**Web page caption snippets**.
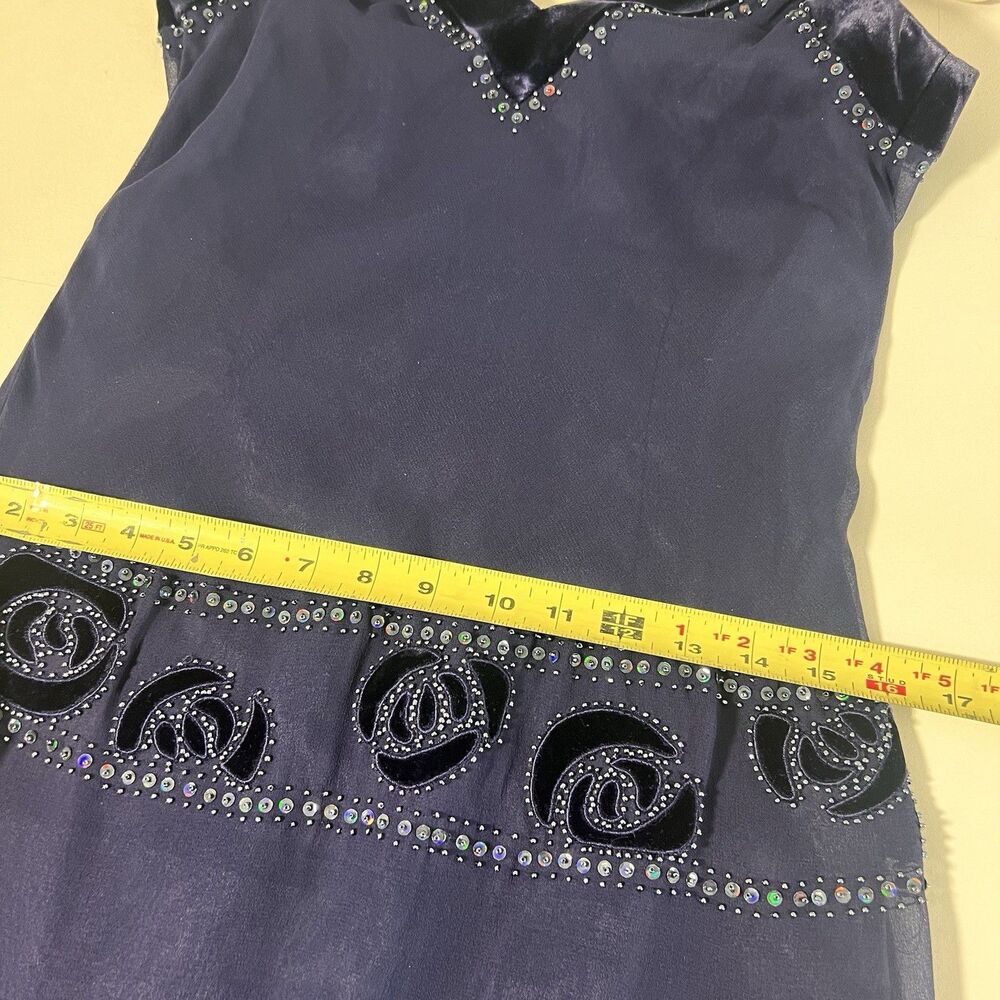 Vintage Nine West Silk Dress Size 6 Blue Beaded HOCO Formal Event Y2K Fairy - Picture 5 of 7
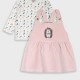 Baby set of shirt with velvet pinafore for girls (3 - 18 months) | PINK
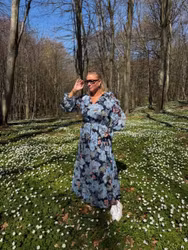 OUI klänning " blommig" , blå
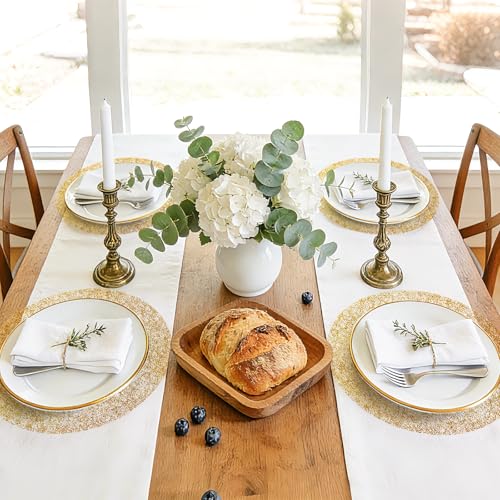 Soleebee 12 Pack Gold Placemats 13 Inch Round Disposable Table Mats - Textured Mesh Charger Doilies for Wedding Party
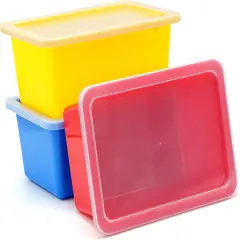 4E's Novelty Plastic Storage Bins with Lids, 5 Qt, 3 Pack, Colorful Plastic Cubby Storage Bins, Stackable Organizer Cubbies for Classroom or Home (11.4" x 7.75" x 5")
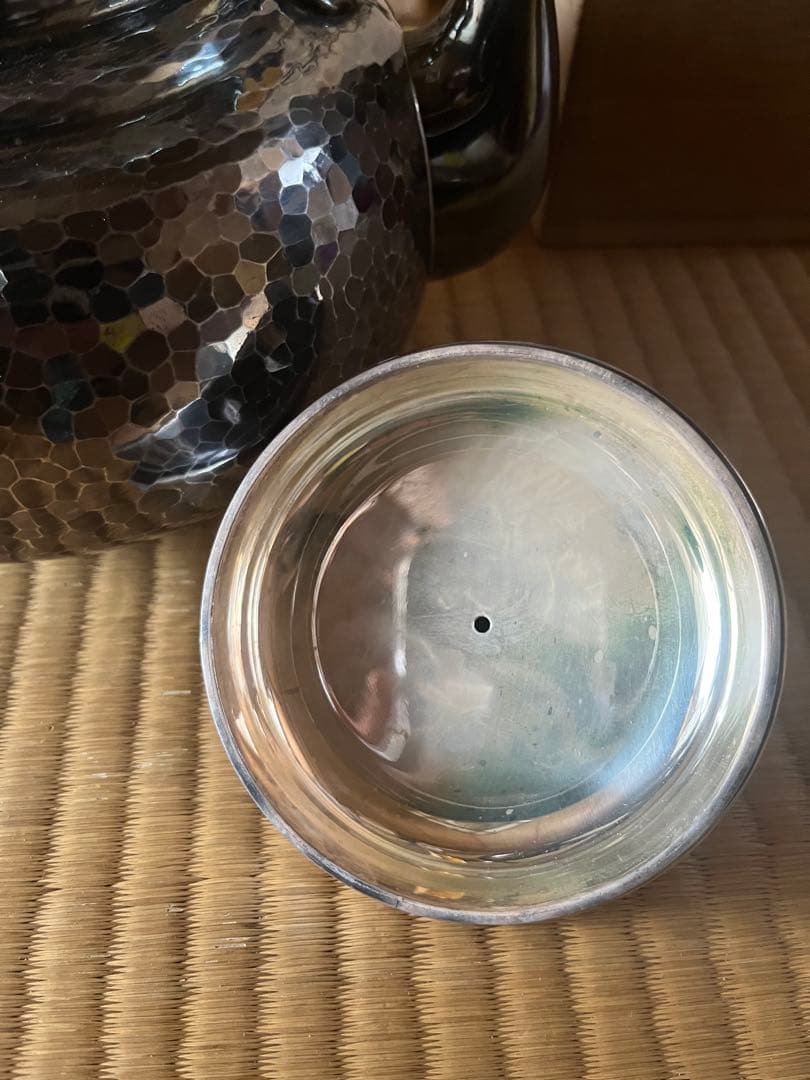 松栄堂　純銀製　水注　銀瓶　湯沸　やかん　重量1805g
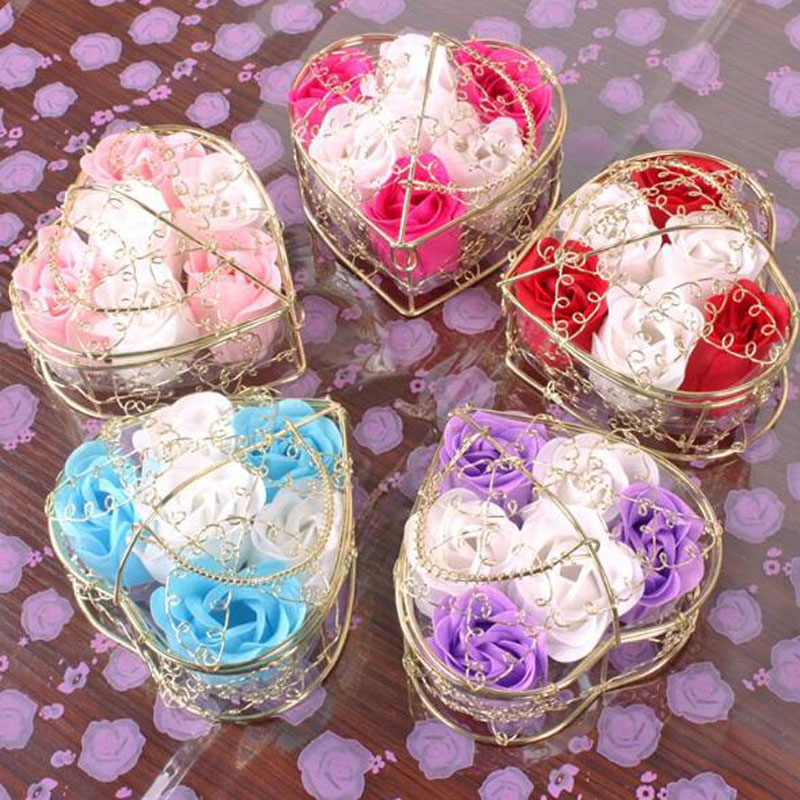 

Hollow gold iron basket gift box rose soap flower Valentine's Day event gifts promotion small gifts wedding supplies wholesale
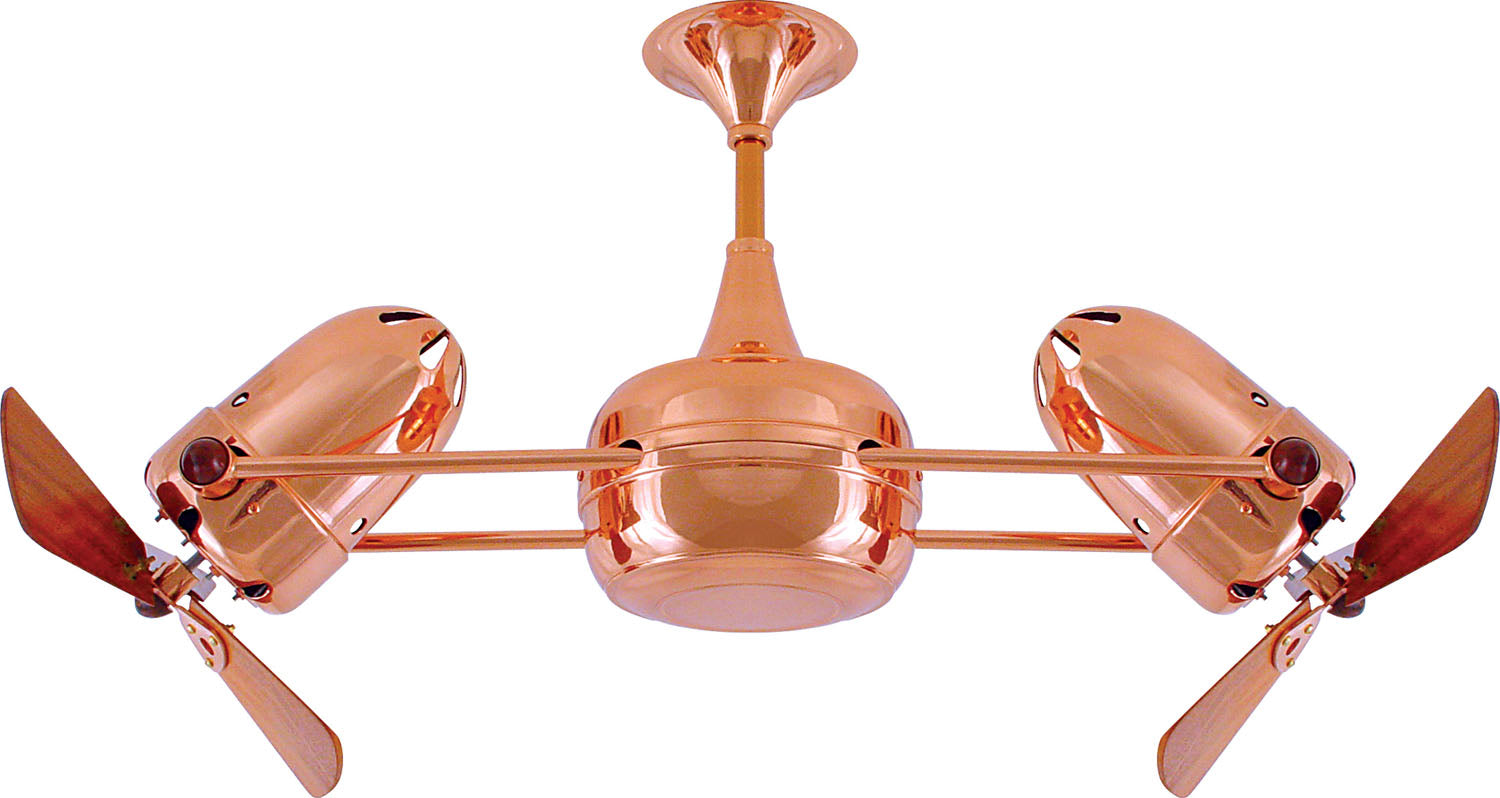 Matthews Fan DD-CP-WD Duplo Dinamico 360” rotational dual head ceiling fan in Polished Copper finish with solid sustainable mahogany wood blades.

**ACTIVITY**. Drop the pictures; repeat each entry above exactly.

**ANSWER BOX**.
 Vintage Nine West Silk Dress Size 6 Blue Beaded HOCO Formal Event Y2K Fairy - Picture 5 of 7
 Baby set of shirt with velvet pinafore for girls (3 - 18 months) | PINK
 OUI klänning " blommig" , blå
 Soleebee 12 Pack Gold Placemats 13 Inch Round Disposable Table Mats - Textured Mesh Charger Doilies for Wedding Party
 4E's Novelty Plastic Storage Bins with Lids, 5 Qt, 3 Pack, Colorful Plastic Cubby Storage Bins, Stackable Organizer Cubbies for Classroom or Home (11.4" x 7.75" x 5")
 松栄堂　純銀製　水注　銀瓶　湯沸　やかん　重量1805g

Hollow gold iron basket gift box rose soap flower Valentine's Day event gifts promotion small gifts wedding supplies wholesale
 Matthews Fan DD-CP-WD Duplo Dinamico 360” rotational dual head ceiling fan in Polished Copper finish with solid sustainable mahogany wood blades.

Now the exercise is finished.